Tak sempat ada pertanyaan lagi dan sebenarnya tak penting juga. Hanya saja, foto berdua bersama Ney pada tahun kedua pernikahan kami sebelum hamil Kaka yang kulihat beberapa hari lalu agak mengusikku. Ternyata, kami tidak mengawali kehidupan rumah tangga kami dari nol, tetapi dari plus. Banyak plusnya sehingga kami mungkin tidak seperti kebanyakan pasangan yang ditangguhkan mentalnya dan diuji kelayakan visi misi hidupnya sejak awal pernikahan. Kami baru melakukannya pada usia tiga tahun perkawinan, tepatnya sejak Kaka lahir dan kami meninggalkan rumah itu untuk memulai petualangan berumah tangga yang sesungguhnya.

Ninu en Yayay di tahun kedua pernikahan
sebelum punya anak tentunya. Lucu, ya?
Sungguh-sungguh berkehidupan, melatih mental, menguji kesabaran, membuat strategi. Mungkin keadaan bisa tidak separah itu, tapi ternyata kehidupan kami memang benar-benar tidak mudah. Sekeras apa pun aku berusaha meringkas perjalanan ini, membuatnya menjadi sangat sederhana dan mudah, namun ternyata aku terbentur juga, yang membuatku merasa sangat tersadar, mungkin benar ada yang namanya takdir dalam kehidupan. Aku bahkan tak tahu apa fungsinya karena sebagai manusia, kami seperti tidak pernah bisa berkompromi dan mau mengalah pada idealisme yang kadung dimiliki. Pada akhirnya, semua ini, apa pun bentuknya ketragisan yang telah kami alami, hanyalah bagian dari perjalanan yang harus kami tempuh. Cita-cita dan idealisme tetap tumbuh, sekalipun kini kami harus bergulat lagi dengan kelahiran anak manusia baru dalam kondisi yang benar-benar di luar perkiraan.

Anak ini, akan lahir dalam hitungan hari. Semakin ke sini, aku merasa semakin sukacita. Padahal, kami benar-benar sendirian, kami sungguh-sungguh kehilangan. Kami seperti terlempar dari kehidupan, meruntuhkan bangunan kami sendiri, untuk memasang pondasi yang lebih kuat pada bangunan baru yang menanti di depan kami. Sedih? Jangan ditanya. Kami sekarat. Kami depresi. Tapi, bukanlah aku dan Ney kalau tidak kuat berdiri, berjalan, menantang. Di sinilah kami sekarang. Hanya ada kami: aku, Ney, Kaka, dan Sang Putra Langit yang selalu kami bicarakan sejak awal, bahkan sebelum menikah, yang sebentar lagi akan hadir dalam lingkaran.

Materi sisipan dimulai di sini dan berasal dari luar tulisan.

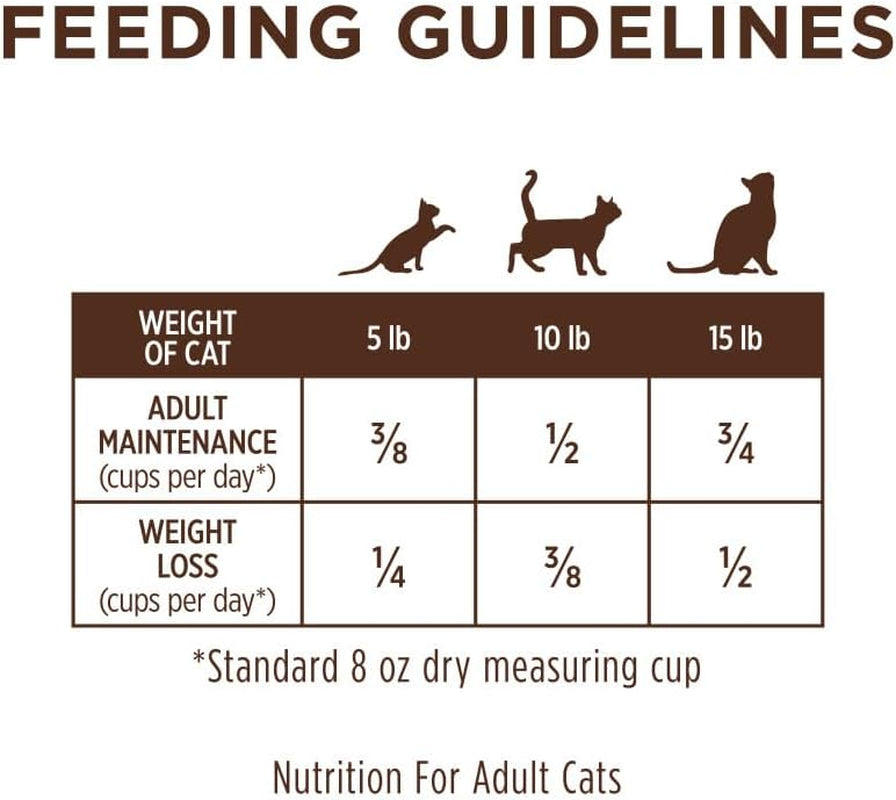 instinct-limited-ingredient-diet-dry-cat-food-real-rabbit-4-5-lb-bag-single-animal-protein-and-vegetable-recipe-raw-coated-kibble-farm-raised-rabbit-gentle-on-sensitive-stomachs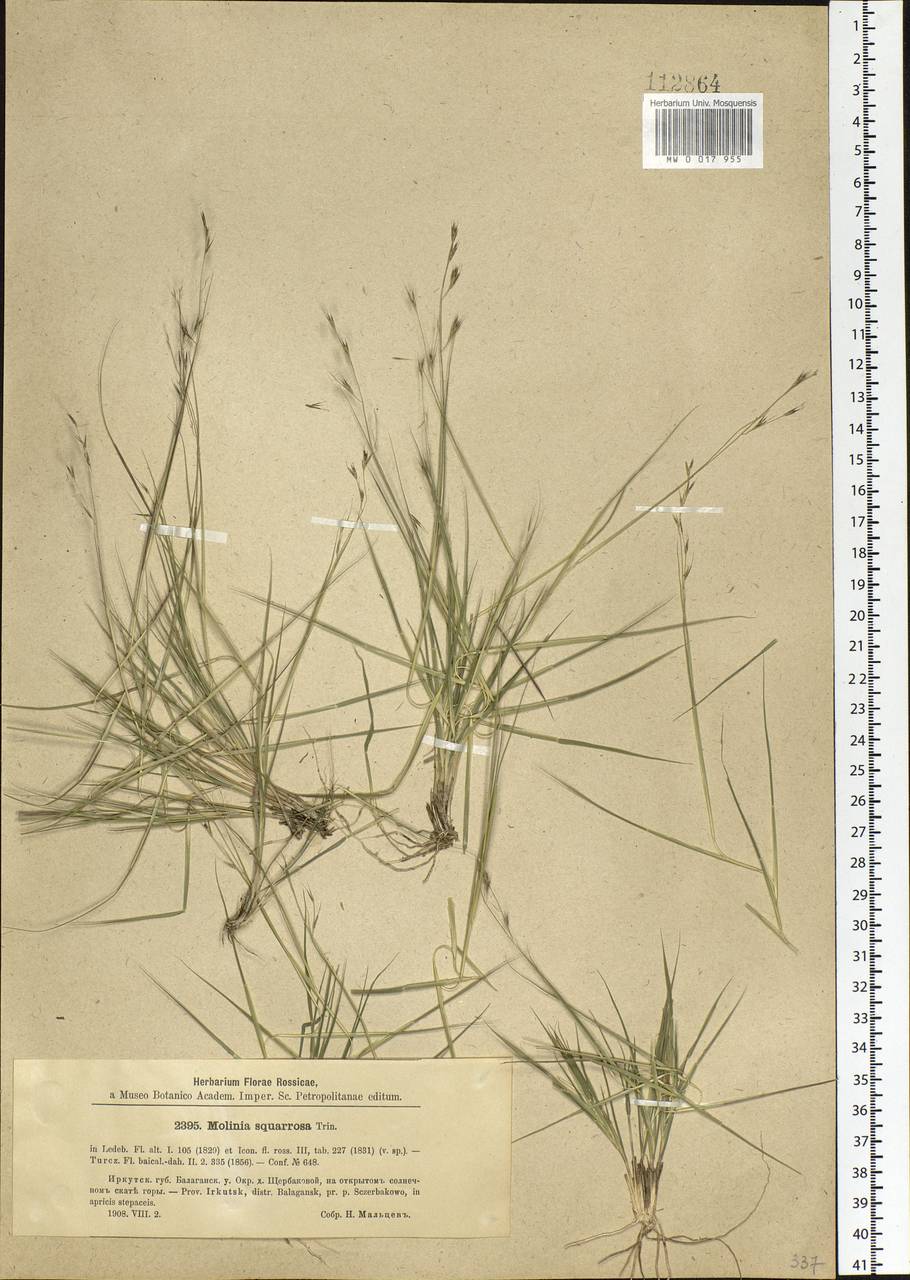 Cleistogenes squarrosa (Trin.) Keng, Siberia, Baikal & Transbaikal region (S4) (Russia)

Oh baby, maafkan aku yang tak pernah mengajakmu bicara. Aku hanya speechless. Bagiku, kamu terlalu kuat, bahkan untuk mengetahui kedalaman diriku sendiri, ibumu. Aku tak perlu mengatakan apa-apa lagi karena sepertinya kamu lebih mengetahui banyak daripada yang aku tahu. Dan, kamu adalah pemilik takdir hidupmu penuh. Kamulah penentu, segalanya. Kamulah pamungkas. Kehadiranmu adalah kekuatan bagi lingkaran ini. Kamu mengikatnya lebih kuat lagi, membuat kami menjadi satu, utuh, selamanya, dalam ikatan bernama fambily--begitu Kaka menyebutnya.

Baby, Rey Putra Langit kami, kamulah ini yang sering kami bicarakan itu sejak dahulu. Sungguh, aku merasa semua ini sangat menakjubkan. Aku seperti kembali menemukan benang merah kehidupan yang mengaitkan masa lalu dan masa depan kami. Aku berharap lebih dari sekadar kelahiran anak manusia baru. Kami berharap lebih dari sekadar kelahiran bayi. Kita sedang harus membangun kehidupan baru lagi, Nak! Kehidupan dalam cinta dan semangat yang tak akan pernah padam, senantiasa mengalir bagai sejatinya jiwa.

Kita selamat ya, Nak. Kita harus kuat dan bekerja sama. Bagaimana pun juga, kita harus ada untuk kehidupan ini. Sehat, selamat, kuat. 

Baby, Rereyku. Kaka senang banget mau punya adik. Si Ney, suamiku itu, ayahmu, membutuhkanmu lebih dari apa pun. Sementara aku, bukan hanya akan memelukmu dalam kehangatan, melainkan pula mengajakmu bermain-main dengan Kaka. Haha. Mungkin hanya itu kebisaanku, bermain-main. Tapi, kamu tentu mempercayaiku lebih dari apa pun, lebih dari kepercayaanku pada diriku sendiri.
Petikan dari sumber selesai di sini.